** Data for analysis follows **
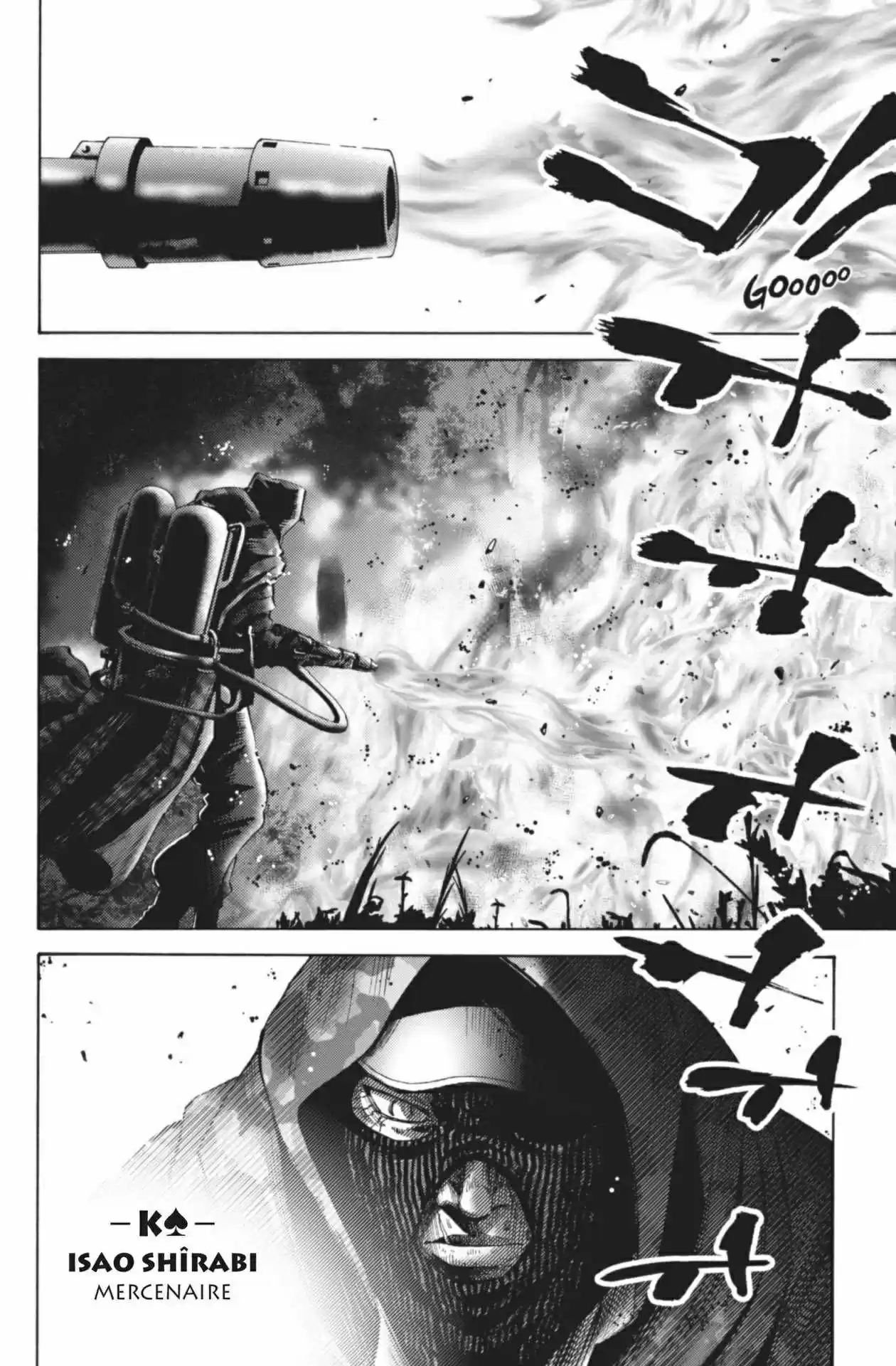 Read Alice in Borderland Manga Online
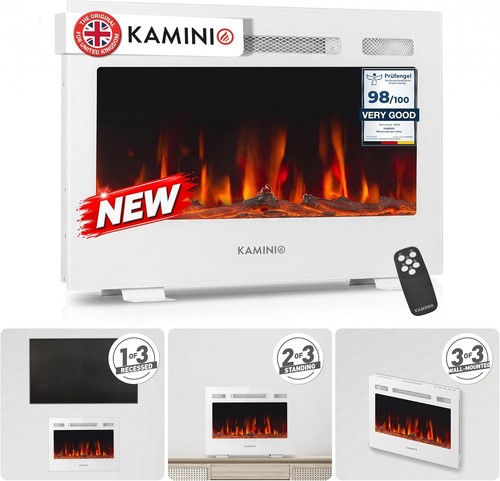 Marlon pro electric fire - marlon, 24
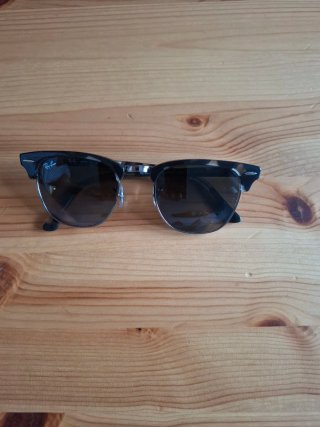 Gafas de Sol Ray-Ban Clubmaster 1336/71.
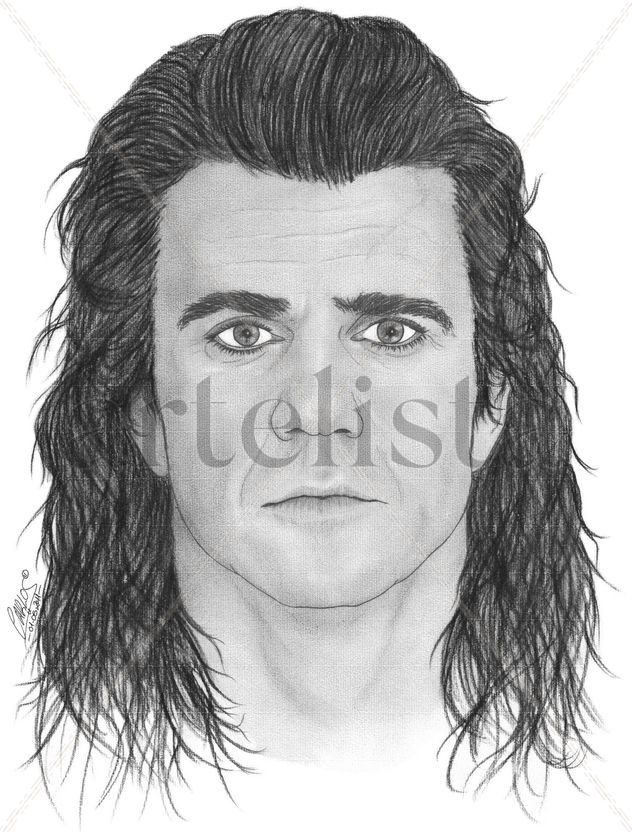 Mel Gibson - Braveheart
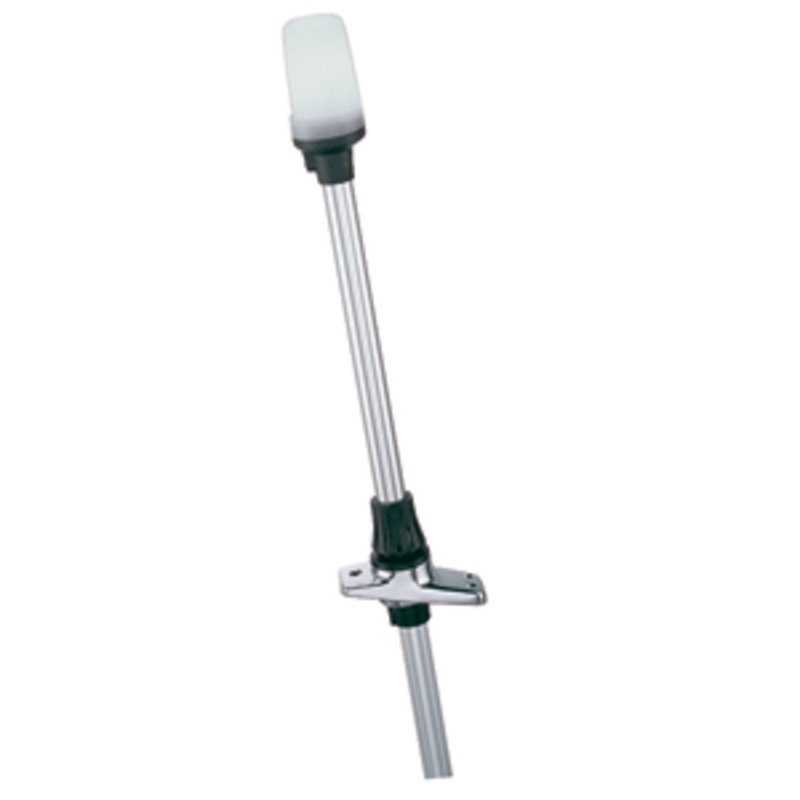 Perko 24″ Telescoping Type Pole Light – White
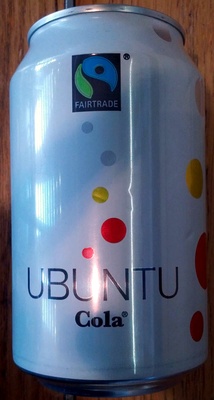 Ubuntu Cola - 5060155610146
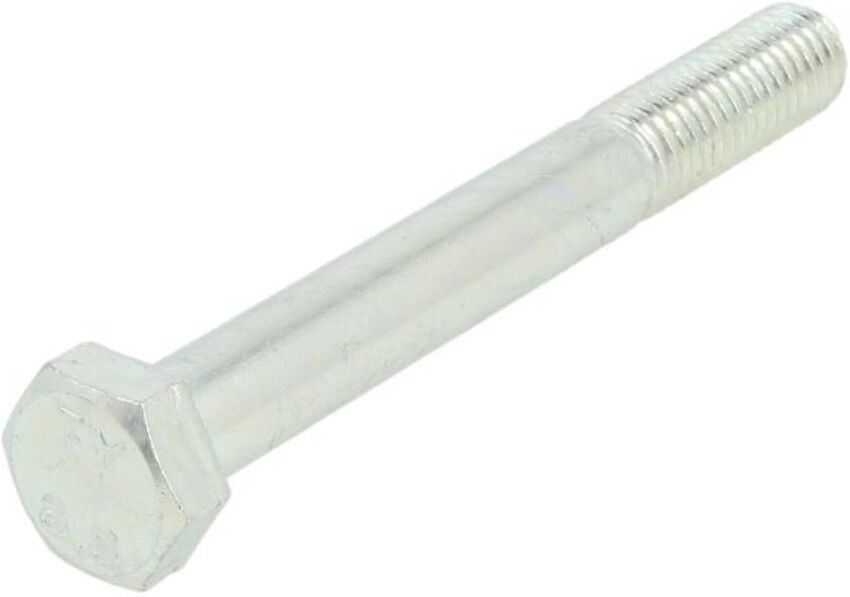 Verzinkte Sechskantenschrauben S-TR M12X1,75/100-1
** End of Data for analysis **
Brief: Give every entry again word for word; no images belong in the copy.

Solution for this task:
 Read Alice in Borderland Manga Online
 Marlon pro electric fire - marlon, 24
 Gafas de Sol Ray-Ban Clubmaster 1336/71.
 Mel Gibson - Braveheart
 Perko 24″ Telescoping Type Pole Light – White
 Ubuntu Cola - 5060155610146
 Verzinkte Sechskantenschrauben S-TR M12X1,75/100-1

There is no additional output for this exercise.